## WHAT NEEDS TO BE DONE
Your task is to restate word for word the lines in the material below, from the one with "epa08839491 (FILE) - A" up to and including the one with "a bed in a room with a glass door". Do not carry over the pictures.

## EXERCISE MATERIAL
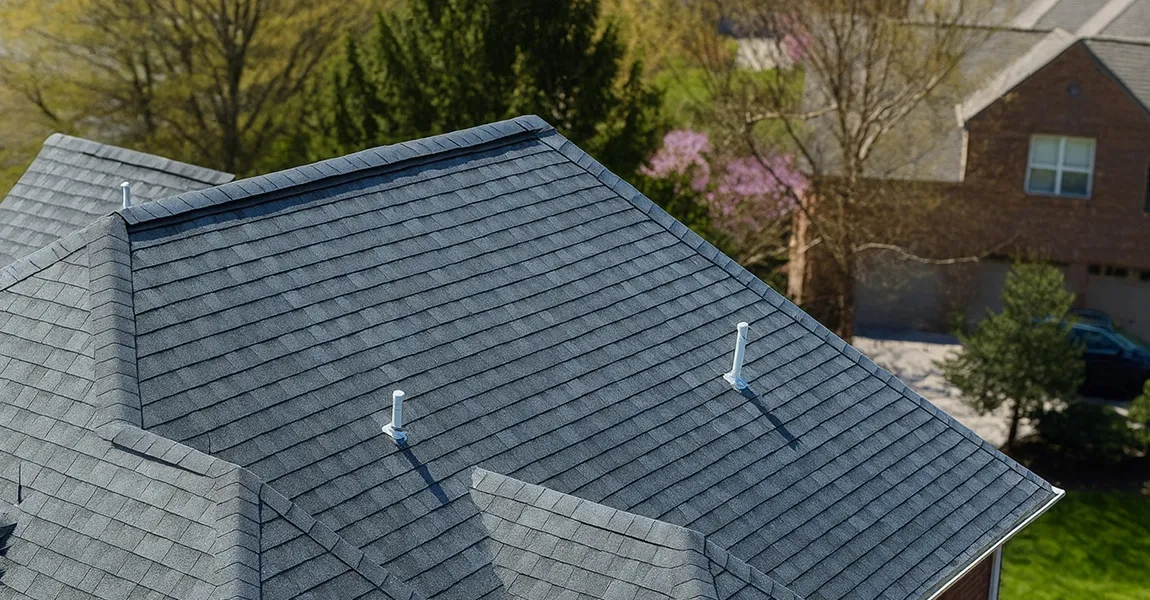 Philadelphia roofing expert demonstrating roof capping benefits on a residential roof ridge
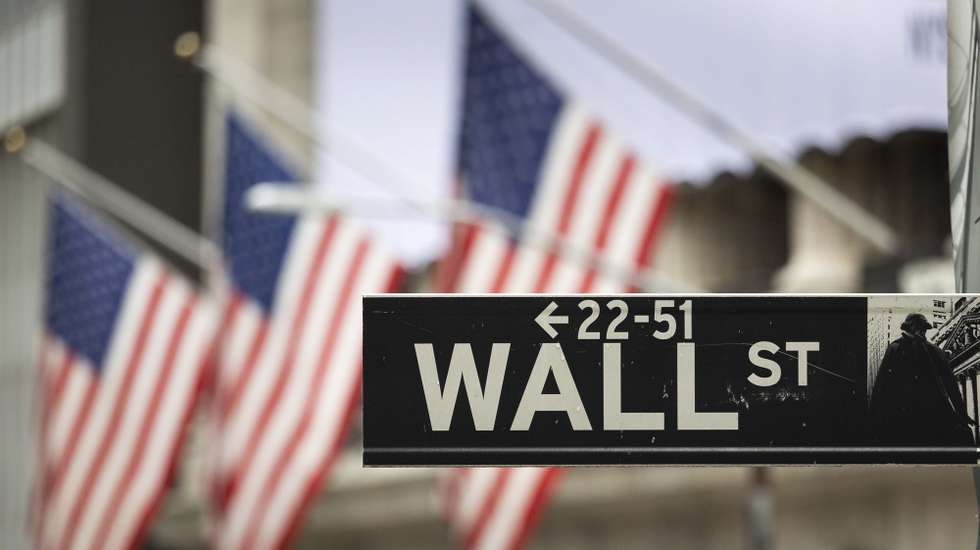 epa08839491 (FILE) - A sign for Wall Street outside of the New York Stock Exchange in New York, New York, USA, 28 October 2020 (reissued 24 November 2020). For the first time in its history, the US stock market index Dow Jones has risen above 30,000 points.  EPA/JUSTIN LANE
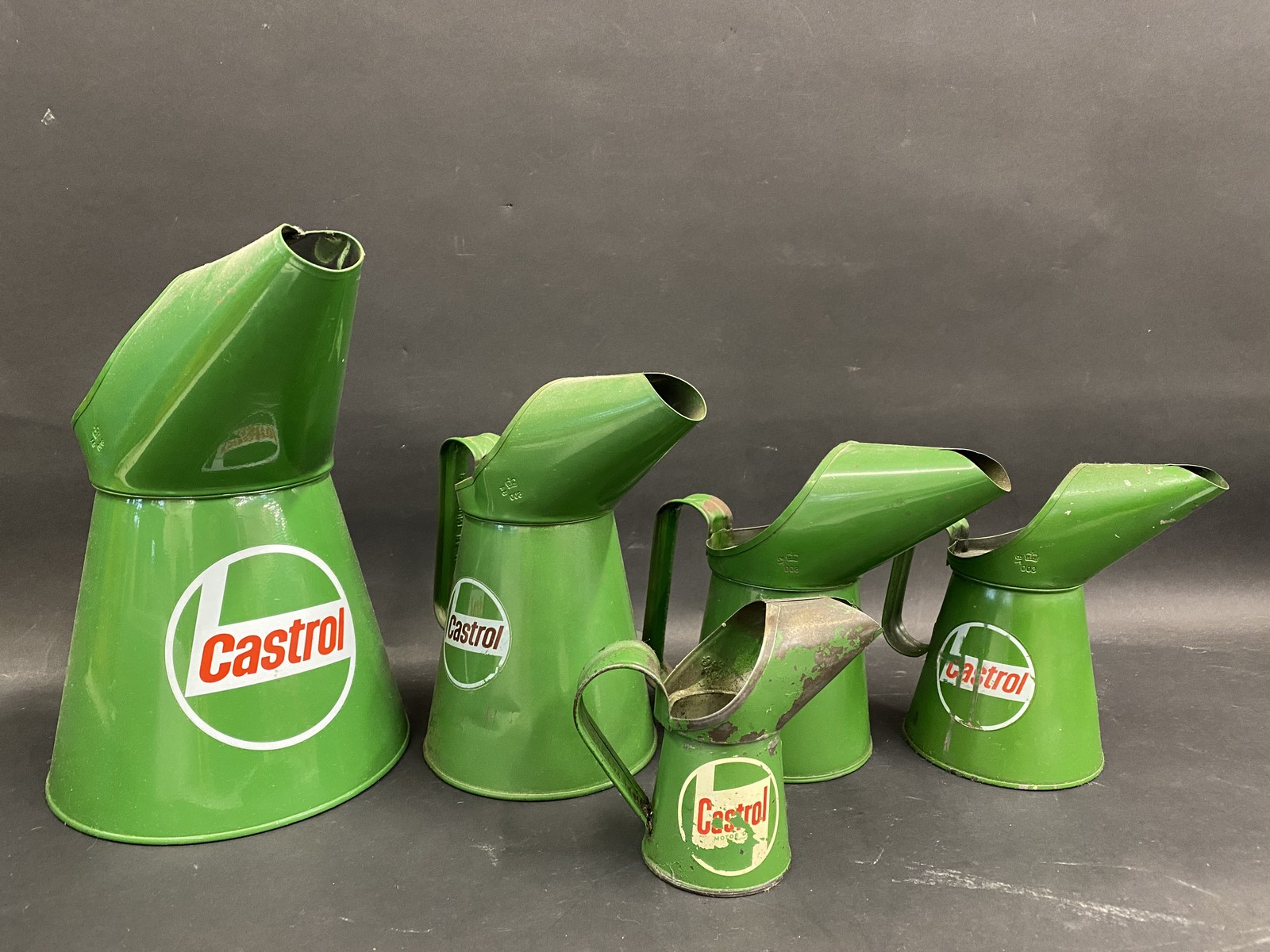 Four graduated contemporary Castrol oil measures and an earlier Castrol gill measure.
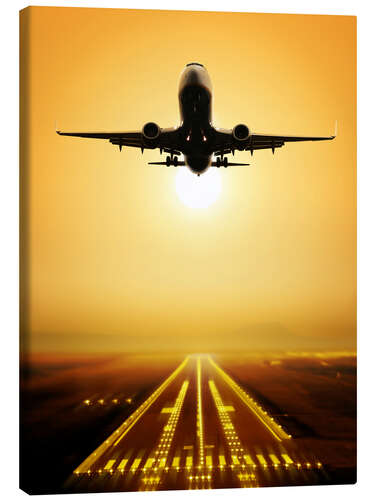 Leinwandbild Start eines Passagierflugzeugs im Sonnenuntergang
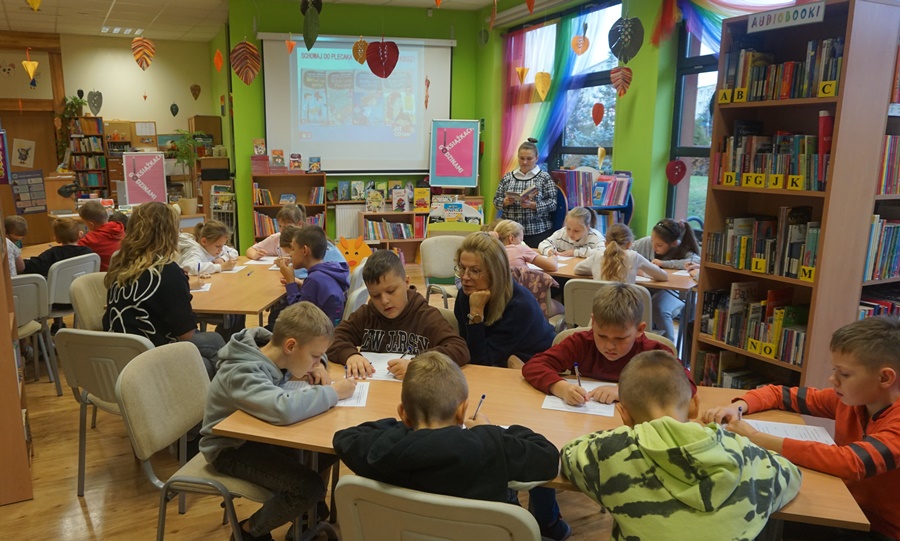 dzieci z opiekunami siedzą przy stolikach i piszą coś na kartkach papieru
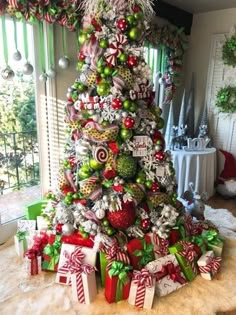 a christmas tree decorated with ornaments and bows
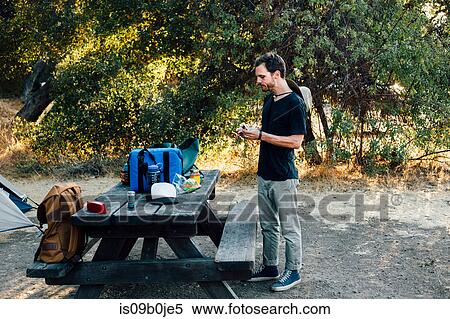 Man standing by picnic table, Malibu Canyon, California, USA View Large Photo Image Stock Photography - Man standing by picnic table, Malibu Canyon, California, USA. Fotosearch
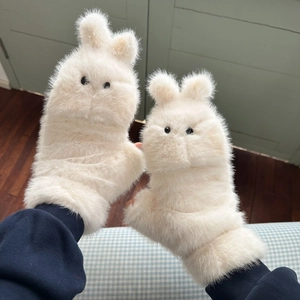 Close-up of cute cream plush flip gloves with rabbit ear design and soft faux fur texture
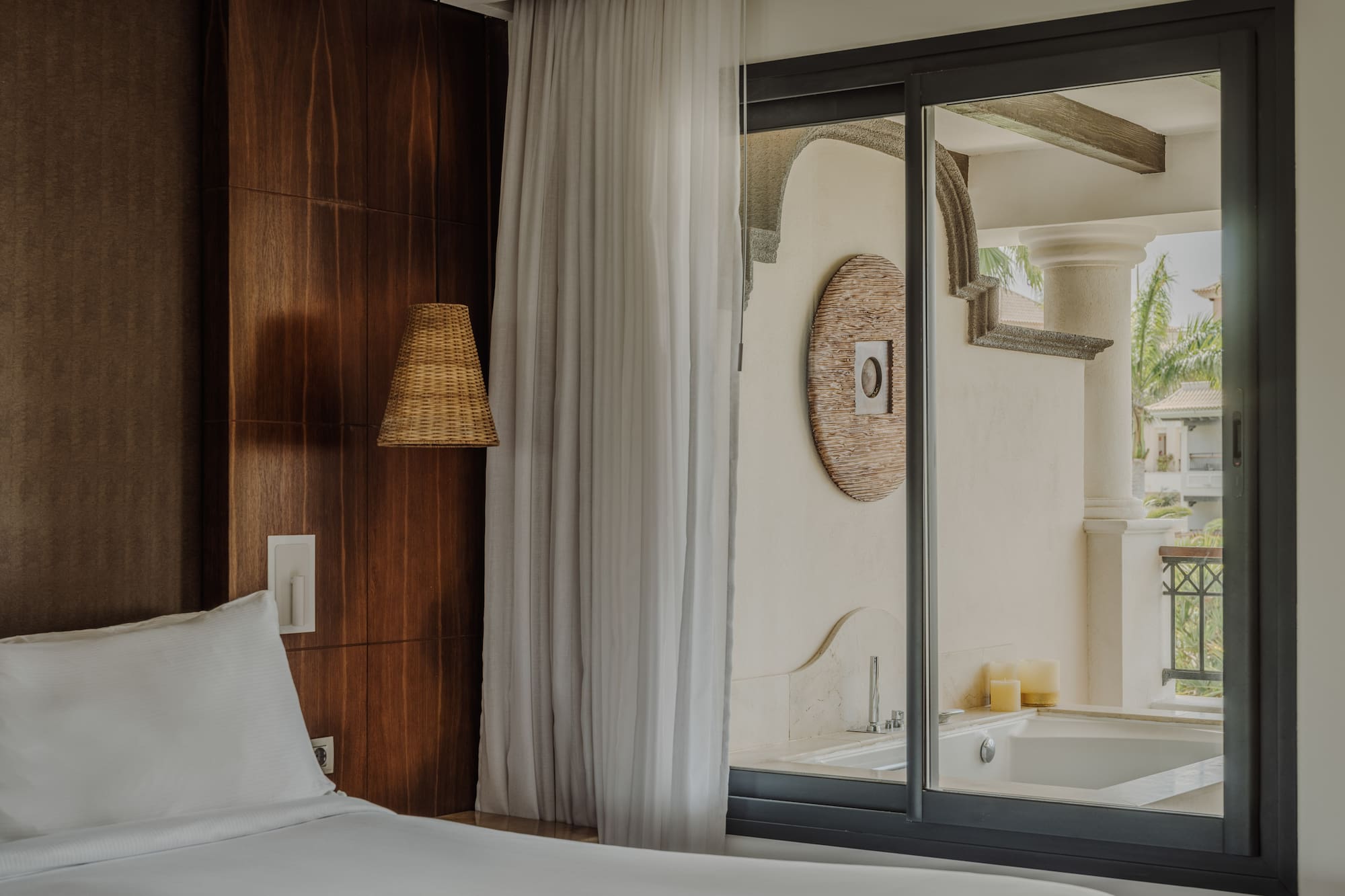 a bed in a room with a glass door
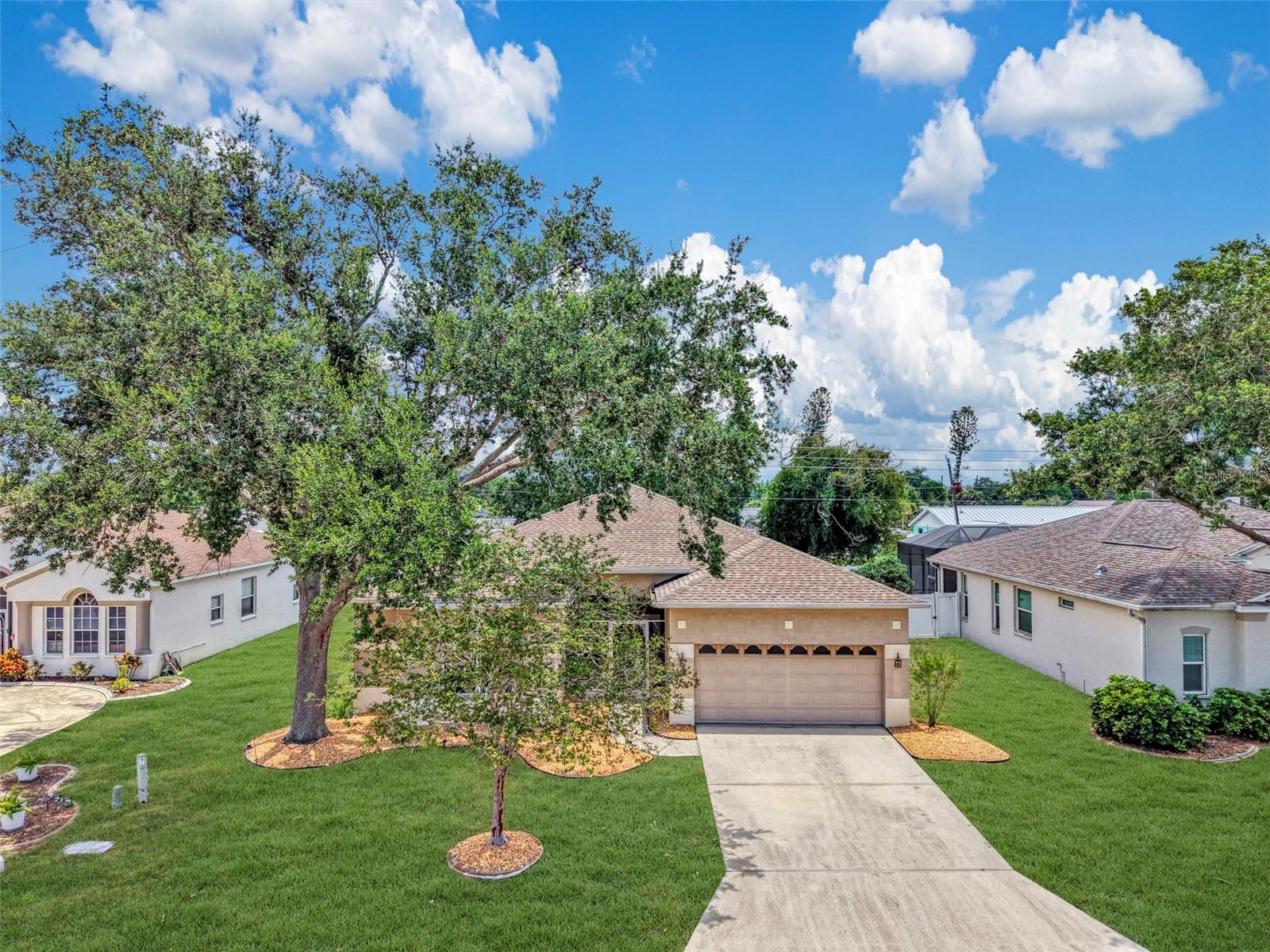 WOODMERE LAKES – UPGRADED 4 BEDROOM + DEN POOL HOME WITH 2022 SALTWATER POOL, SPA, AND TIKI BAR! Welcome to one of the most extensively upgraded homes in sought-after Woodmere Lakes. This 4-bedroom, 2-bath home with a full-size den/office combines major recent updates with an unbeatable Venice location. The centerpiece is the saltwater heated pool and spa with waterfall, completed in 2022 with brand new everything, plus a custom tiki bar built the same year. The fully fenced backyard creates a private retreat ideal for entertaining, pets, or relaxing. The list of documented upgrades is impressive. Porcelain tile flooring was installed throughout in 2021. Granite countertops were added to the kitchen, both bathrooms, and the fireplace in 2019. The walls, trim, and living room and kitchen ceilings were completely repainted in 2026, and brand new hurricane impact front doors were installed in May 2026. The oversized kitchen features a large breakfast bar, tiled backsplash, touch-activated faucet, a Samsung range with built-in air fryer, and a 2019 Samsung Smart Refrigerator with built-in tablet. The open great room offers crown molding, a recently installed ceiling fan, and a decorative fireplace that can easily be converted to electric. The split-bedroom floor plan provides privacy for everyone, and each bathroom includes a new Bluetooth speaker, fan, and light combination. Oversized windows across the rear of the home fill the living spaces with natural light and offer beautiful views of the pool and lanai. Mechanical and smart home updates add real peace of mind: newer roof (2019), new water heater (2024), two UV mold-prevention lights installed in the A/C system in 2025, Google Nest thermostat, electronic door lock, and a Tesla EV charging station in the garage. The home also includes a large inside laundry room with full-size washer and dryer, garage shelving, and low-maintenance landscaping with decorative river rock and curbing. The location is a true walk-to-everything spot. Woodmere Park, the dog park, Jacaranda Public Library, Target, Publix, Staples, Floor & Decor, and numerous popular restaurants are all within walking distance. Historic Downtown Venice, boutique shopping, waterfront dining, and Venice Beach are just 5 minutes away. Best of all, the Woodmere Lakes HOA is only $860 per YEAR, one of the lowest HOA fees in Venice. This meticulously maintained home delivers the complete package: space, upgrades, location, and value. Schedule your private showing today!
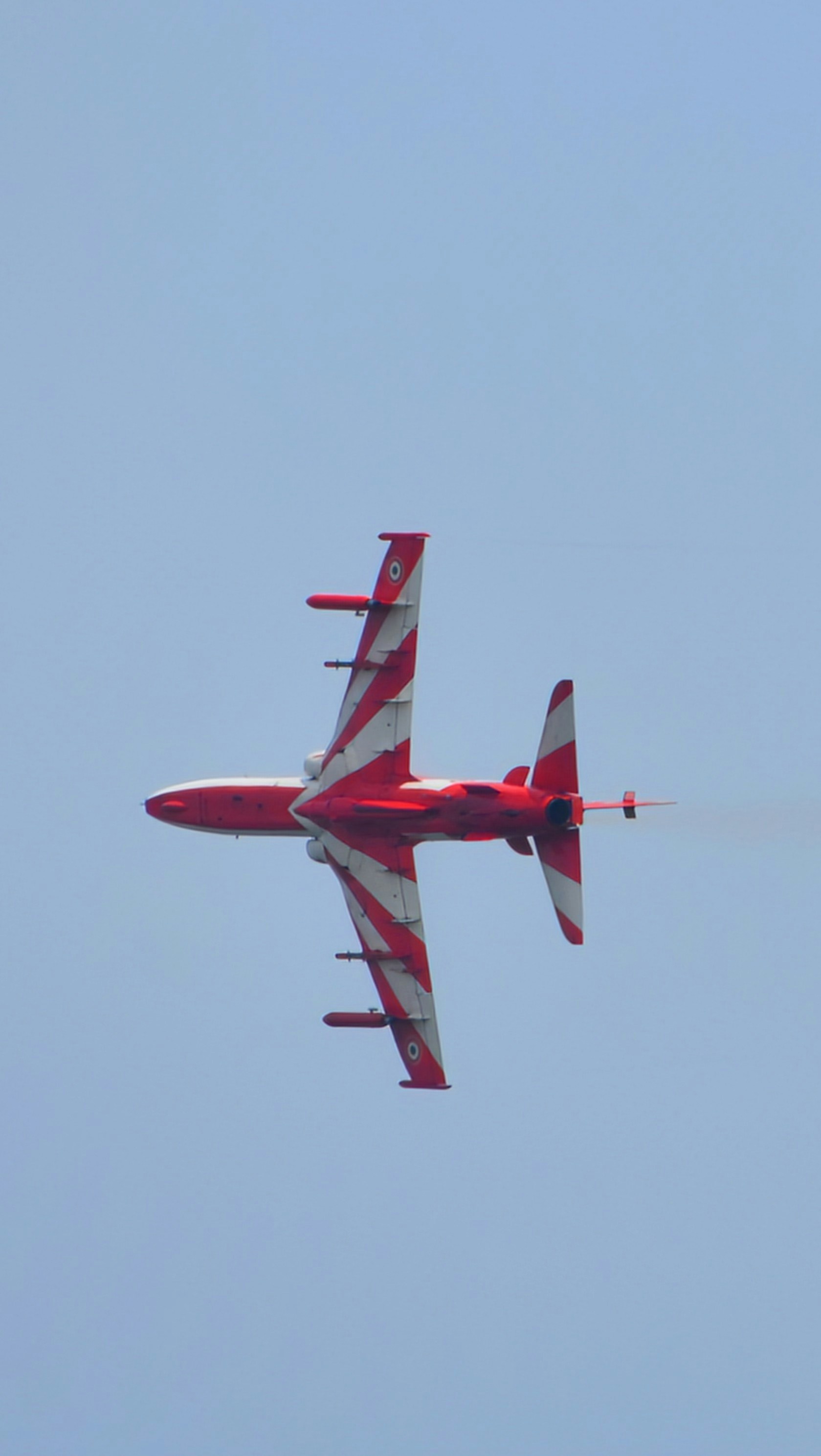 A red and white plane flying in the sky photo – Free Image on Unsplash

## WORKED SOLUTION
 epa08839491 (FILE) - A sign for Wall Street outside of the New York Stock Exchange in New York, New York, USA, 28 October 2020 (reissued 24 November 2020). For the first time in its history, the US stock market index Dow Jones has risen above 30,000 points.  EPA/JUSTIN LANE
 Four graduated contemporary Castrol oil measures and an earlier Castrol gill measure.
 Leinwandbild Start eines Passagierflugzeugs im Sonnenuntergang
 dzieci z opiekunami siedzą przy stolikach i piszą coś na kartkach papieru
 a christmas tree decorated with ornaments and bows
 Man standing by picnic table, Malibu Canyon, California, USA View Large Photo Image Stock Photography - Man standing by picnic table, Malibu Canyon, California, USA. Fotosearch
 Close-up of cute cream plush flip gloves with rabbit ear design and soft faux fur texture
 a bed in a room with a glass door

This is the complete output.